Chronic ethanol (EtOH) consumption has been associated with deleterious effects on the cardiovascular system by abnormal calcium (Ca2+) handling. Store-operated Ca2+ entry (SOCE) is related to cardiovascular remodeling which leads to the hypertension development, and the coupling between STIM-1 (ER Ca2+ sensor) and Orai-1 (channel pore) is a key mechanism to control SOCE through of store-operated Ca2+ channels (SOCCs). However, the role of STIM-1/Orai-1-mediated SOCE and its cross-talk with EtOH-triggered vascular remodeling and hypertension remain poorly understood.

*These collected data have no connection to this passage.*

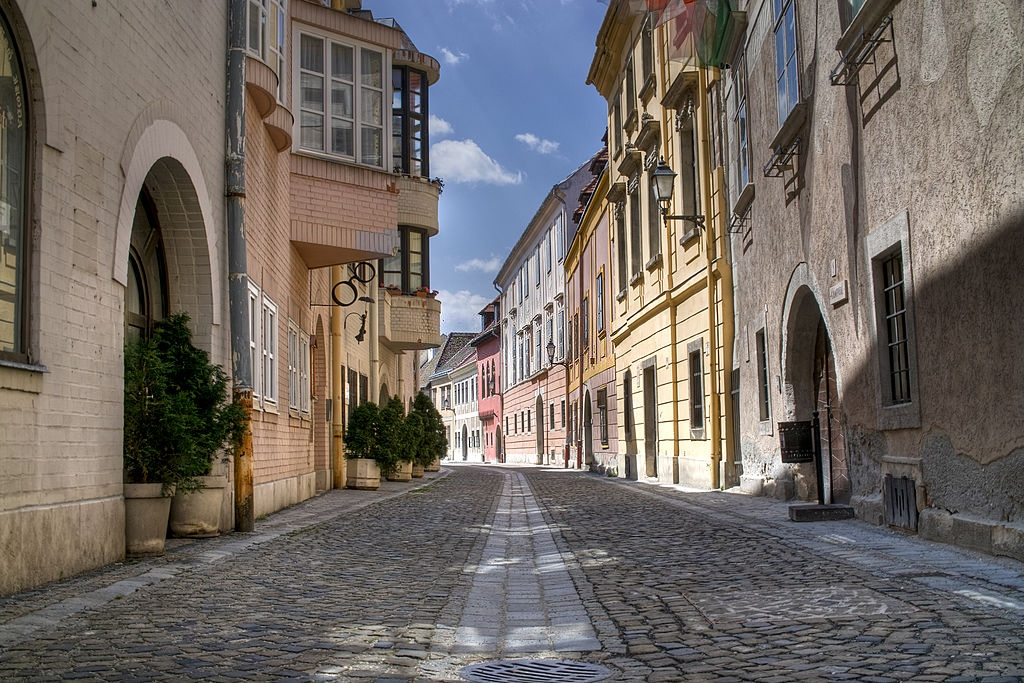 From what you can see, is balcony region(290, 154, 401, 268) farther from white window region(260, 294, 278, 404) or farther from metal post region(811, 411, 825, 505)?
metal post region(811, 411, 825, 505)

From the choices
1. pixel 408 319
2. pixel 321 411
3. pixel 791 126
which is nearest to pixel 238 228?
pixel 791 126

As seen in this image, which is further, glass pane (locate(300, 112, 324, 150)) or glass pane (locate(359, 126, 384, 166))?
glass pane (locate(359, 126, 384, 166))

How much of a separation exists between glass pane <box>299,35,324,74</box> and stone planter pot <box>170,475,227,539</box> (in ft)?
26.2

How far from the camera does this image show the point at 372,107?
16688mm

We address this subject in the present study by evaluating how chronic EtOH consumption induces alterations in Ca2+ handling via SOCE. Male Wistar Kyoto (WKY) and Spontaneously Hypertensive (SHR) rats were subjected to the intake of increasing EtOH concentrations (5-20%, for 30 days). Systolic blood pressure (SBP) and EtOH concentration were measured; cardiovascular remodeling was assessed by histomorphometry; and function/ expression of STIM-1/Orai-1-mediated Ca2+ influx were evaluated by isometric contraction and western blot experiments. Compared to the WKY-Control, our results show that: (1) chronic EtOH consumption caused a significant elevation of SBP in both strains; (2) cardiac hypertrophy and hypertrophic aortic wall remodeling much more pronounced in WKY-EtOH; (3) decreased capacity of ER to store and release Ca2+; (4) increased STIM-1/Orai-1-mediated SOCCs activation, which was selectively inhibited by YM-58483; and (5) increased expression of STIM-1 in WKY-EtOH and SHR-Control rats. These findings suggest that hypertrophic aortic remodeling and abnormal contraction triggered mainly by Ca2+ overload via STIM-1/Orai-1-mediated SOCE through SOCCs are involved hypertension developed by EtOH consumption.